Here’s a Google-translated ad for new houses for sale in suburban Hiroshima; just this one small advertisement for new houses required a lot of research and explaining to make sense!
- Housing is indeed inexpensive: the prices are around ¥30M (=3,130 x ¥10,000), or about US$200K at the current, extremely favorable, exchange rates.
- Mortgage terms are unbelievable. Note the monthly payment of ¥60K, or US$400 given a 50-year (!) mortgage at 0.45% (!). No wonder the carry trade is so huge!
- As a result, these new houses are broadly affordable; the monthly payment is just 13.6% of the 2019 median household income in Hiroshima prefecture (Japanese household income/expense survey link).
- Then again, housing is less than 10% of household expenditures in Japan. About 43% of Japanese households are unmortgaged homeowners, which appears to be a fairly typical percentage among OECD countries.
- Contrast that with American consumers, who spend US$2,120 per month on housing – more than Japanese consumers spend on everything in a typical month.
- The houses are small, but space-efficient and land-efficient. They’re ~1100 square feet, but fit 3-4 bedrooms, and sit on lots about as large – small even by “small lot” US standards. I’m guessing that zoning limits the site to a 1.0 floor-to-area ratio, which would be typical of an urban neighborhood in the US.
- At lower right is a tiny subdivision plot plan.
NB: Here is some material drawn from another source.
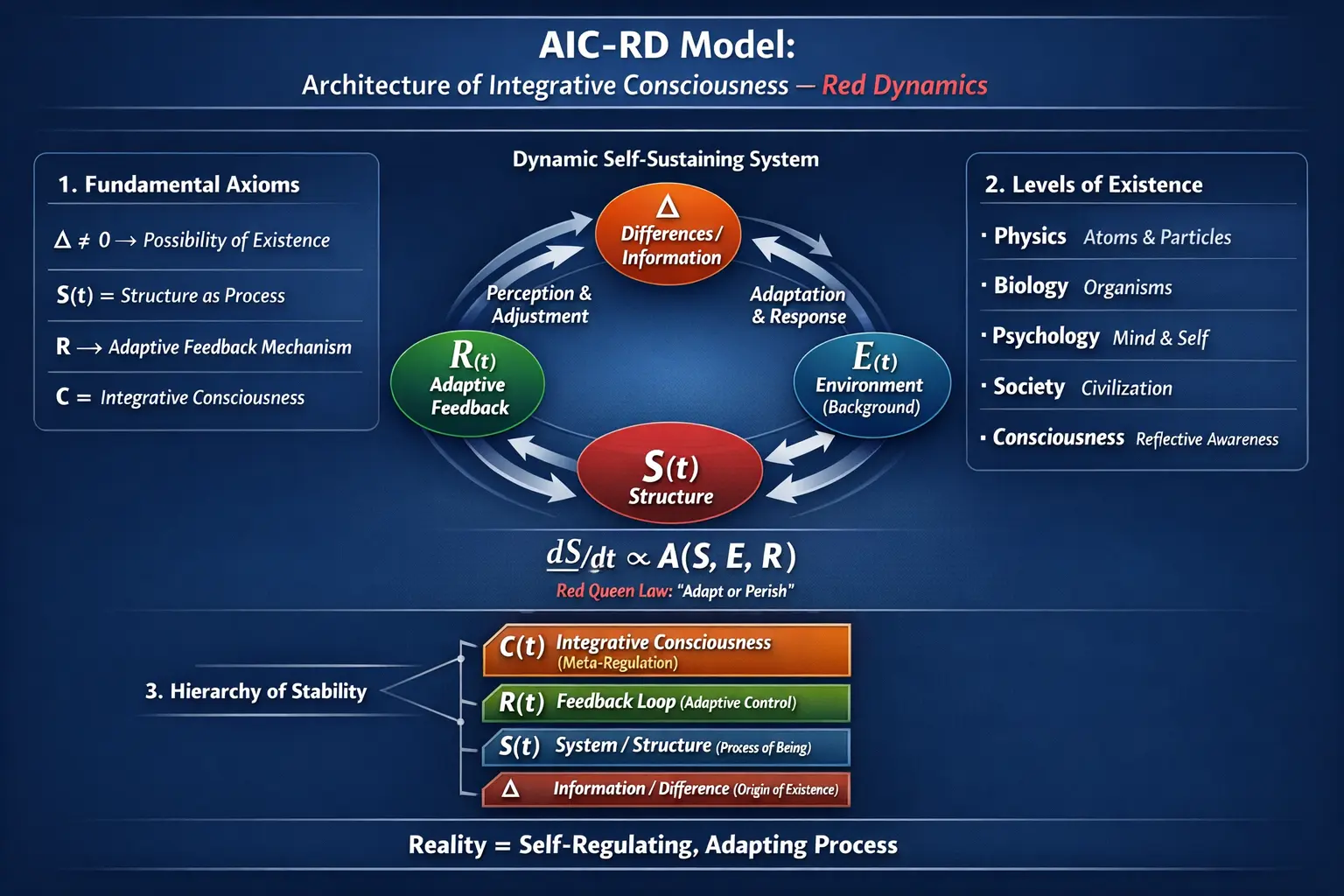 hipoteza Czerwonej Królowej model rzeczywistości dynamicznej  integracyjna świadomość AIC-RD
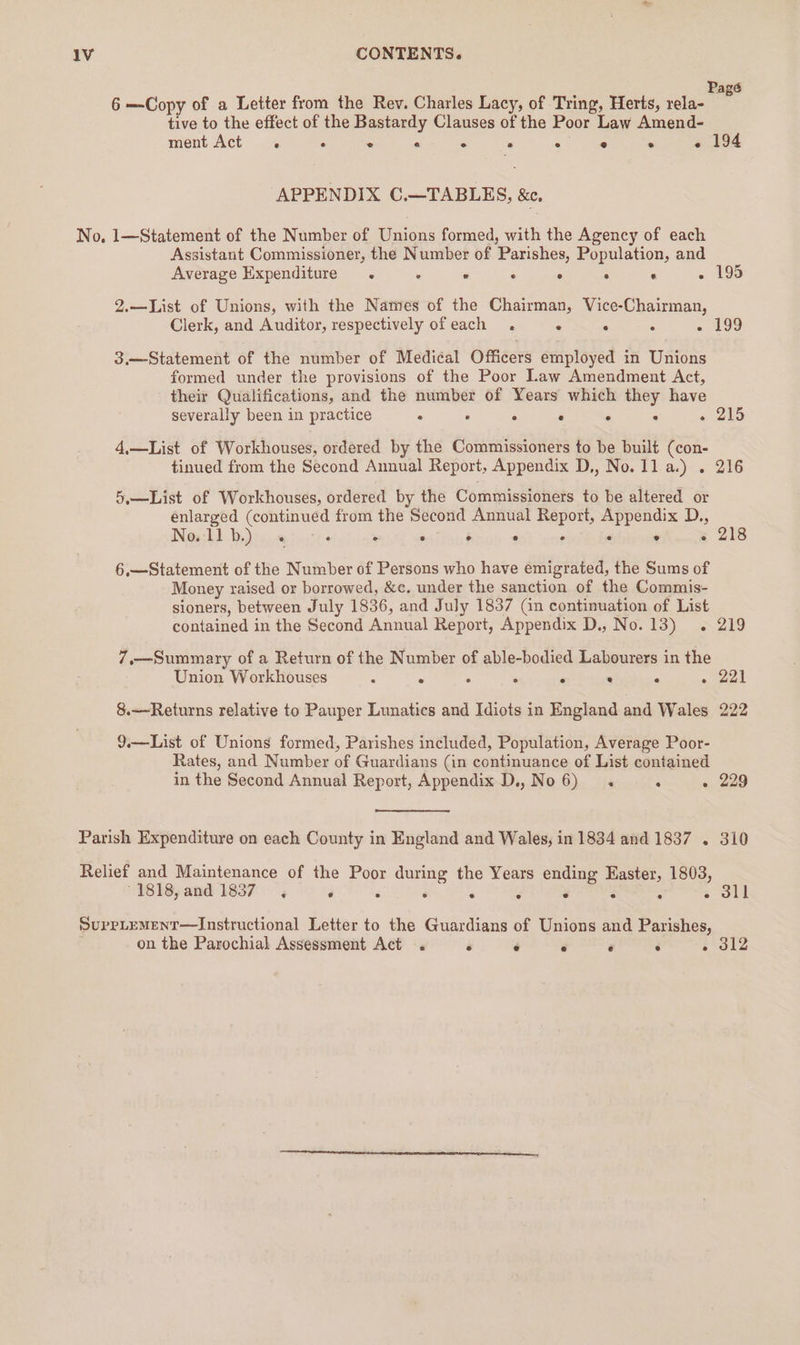 iv CONTENTS. Pagé 6 —-Copy of a Letter from the Rev. Charles Lacy, of Tring, Herts, rela- tive to the effect of the Bastardy Clauses of the Poor Law Amend- ment Act e ° ° e e s ° e ® e 194 APPENDIX C.—TABLES, &amp;e. No, 1—Statement of the Number of Unions formed, with the Agency of each Assistant Commissioner, the Number of Parishes, Population, and Average Expenditure. ° . : ° ° ¢ - 195 2.—List of Unions, with the Names of the Chairman, Vice-Chairman, Clerk, and Auditor, respectively ofeach . . . : «299 3,—Statement of the number of Medical Officers employed in Unions formed under the provisions of the Poor Law Amendment Act, their Qualifications, and the number of Years which they have severally been in practice . . . e . ° - 215 4,—List of Workhouses, ordered by the Commissioners to be built (con- tinued from the Second Annual Report, Appendix D,, No. 11 a.) . 216 5,—List of Workhouses, ordered by the Commissioners to be altered or énlarged (continued from the Second Annual Report, Appendix D., No. ll b.) ® e ° Bye: ° r e e ° e 218 6,—Statement of the Number of Persons who have emigrated, the Sums of Money raised or borrowed, &amp;c, under the sanction of the Commis- sioners, between July 1836, and July 1837 Gn continuation of List contained in the Second Annual Report, Appendix D., No. 13) . 219 7,—Summary of a Return of the Number of able-bodied Labourers in the Union Workhouses . . . ° . ° : . 221 8.—Returns relative to Pauper Lunatics and Idiots in England and Wales 222 9.—List of Unions formed, Parishes included, Population, Average Poor- Rates, and Number of Guardians (in continuance of List contained in the Second Annual Report, Appendix D.,No6) . . . 229 Parish Expenditure on each County in England and Wales, in 1834 and 1837 . 310 Relief and Maintenance of the Poor during the Years ending Easter, 1803, °1818,and 1837, ‘ . ‘ ° : . : - - dil SuUPPLEMENT—TInstructional Letter to the Guardians of Unions and Parishes, : on the Parochial Assessment Act « ‘ « F ° ° . 312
Small “mini-kaihatsu” subdivisions like this (<1000 m2, or ~11K sq ft) are exempt from site-permit review, reducing the “soft costs” of building housing. Besides, semi-private residential alleys have long been where workers have lived in East Asian cities, whether Beijing’s hutongs or Osaka’s nagaya.
- The street widths would be considered unconscionably narrow by US standards that frequently require 50′ rights-of-way. Yet at 5-6m (16-19.6′), they comfortably exceed the 4m (13′) national minimum; this is meant for car access, after all.
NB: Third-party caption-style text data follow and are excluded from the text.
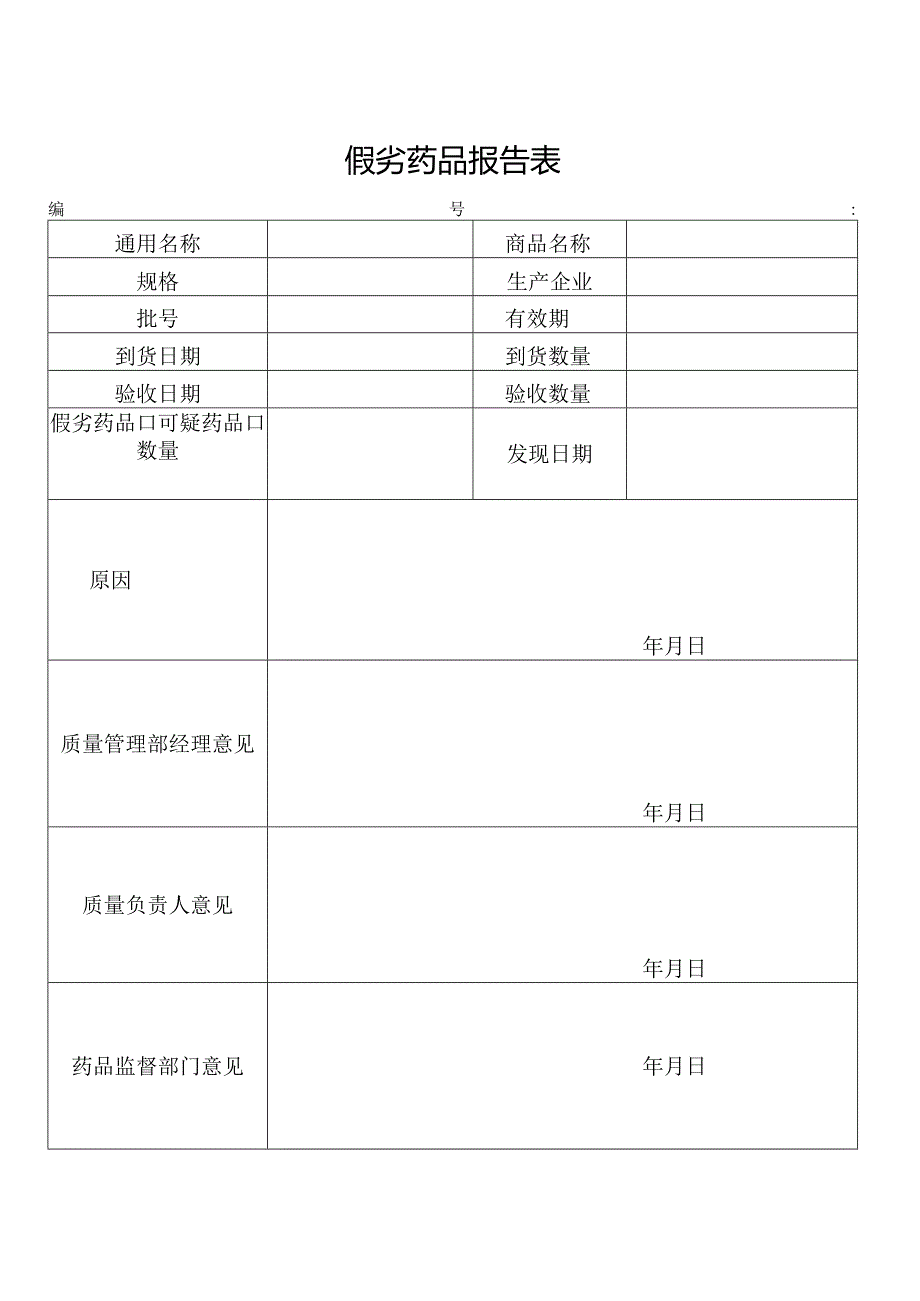 假劣药品报告表.docx_第1页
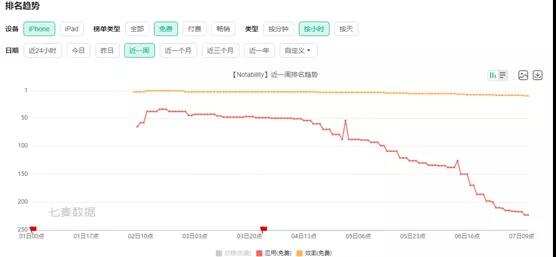 转型订阅制掉沟里了 这个笔记类头部App将友商送进全球付费榜榜首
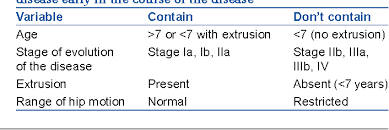 Image result for Perthes Test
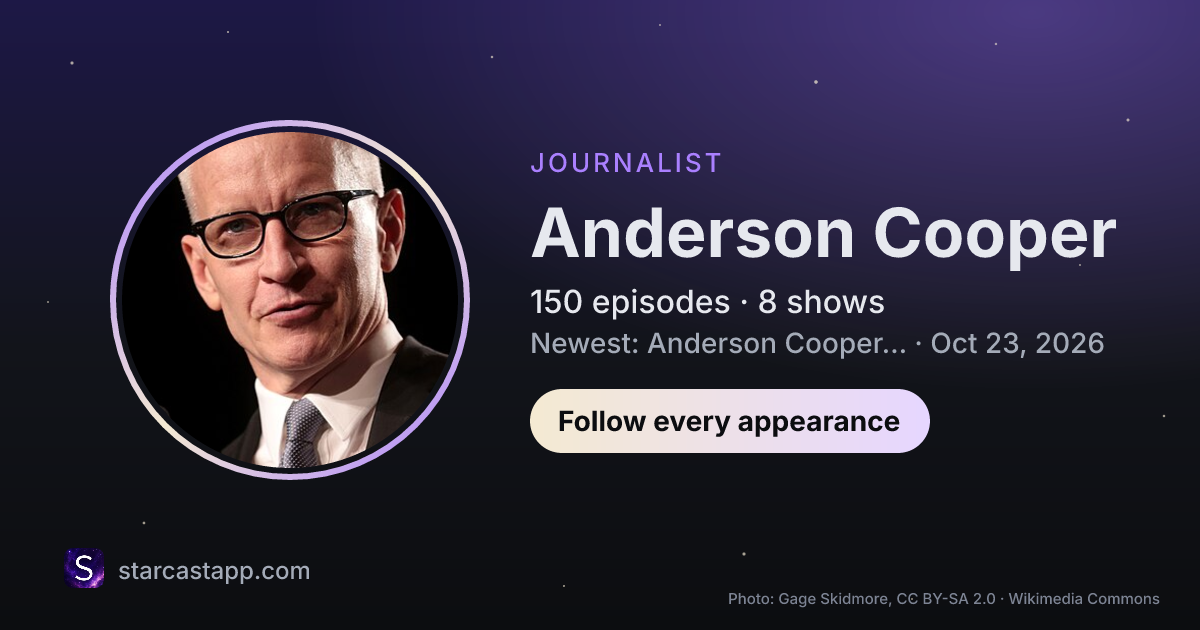 The preview card for Anderson Cooper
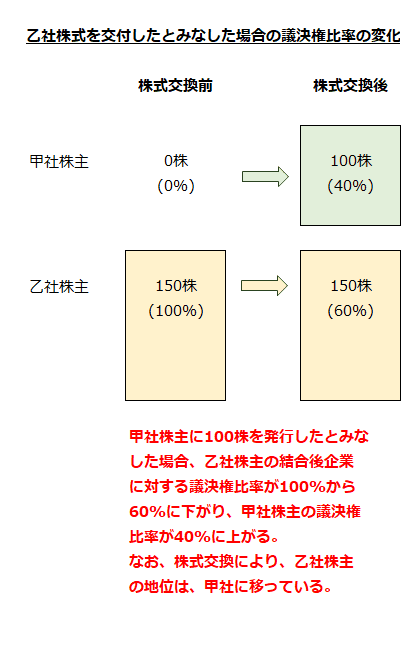 乙社株式を交付したとみなした場合の議決権比率の変化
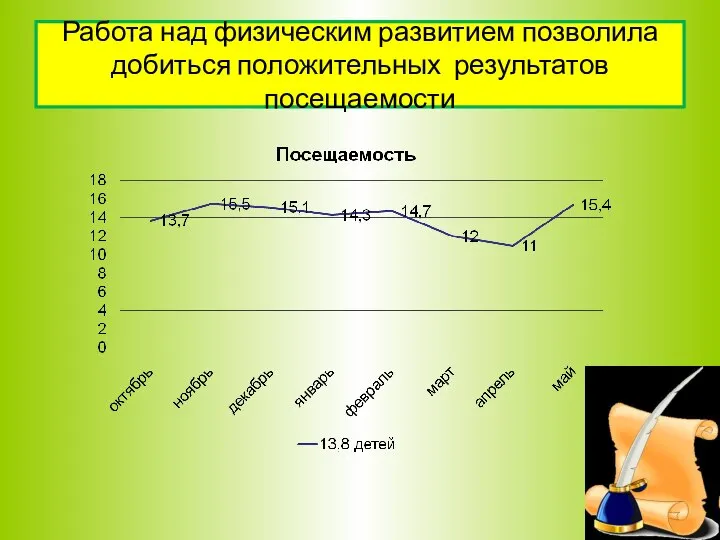 Работа над физическим развитием позволила добиться положительных результатов посещаемости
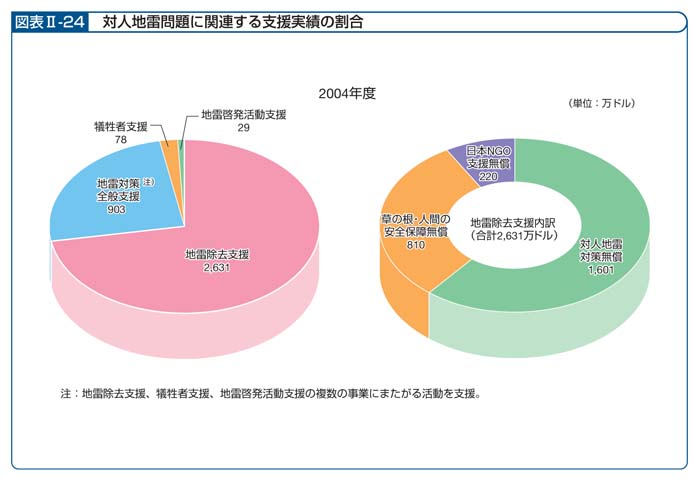 図表II－24　対人地雷問題に関連する支援実績の割合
- The location that matters most: “8 minute walk to train station” is in the upper right corner (cropped out in this view). The “two car parking” probably assumes two tiny kei cars, and is more likely enough for one normal car plus some bikes. After all, you can’t register a car without having an off-street parking space.
Building and zoning codes reference link: www.iibh.org/kijun/japan.htm
Brookings Institute overview www.brookings.edu/articles/japan-rental-housing-markets/
English blog on Japanese housing: catforehead.com/
If those are the prices for suburbia, how about infill? Here’s an ad for new high-rise condos in the downtown area of Yokosuka, a seaside southern suburb of Yokohama that’s home to a large US Navy base. It’s half an hour to Yokohama by train and one hour to southern Tokyo, and one-bedroom units begin at ¥27M, or US$177K today.
This ad was for a Keikyu condo, near a Keikyu station, and seen on a Keikyu train. Land development is how American streetcar systems made their fortunes, and it’s still a legitimate business model across Asia today.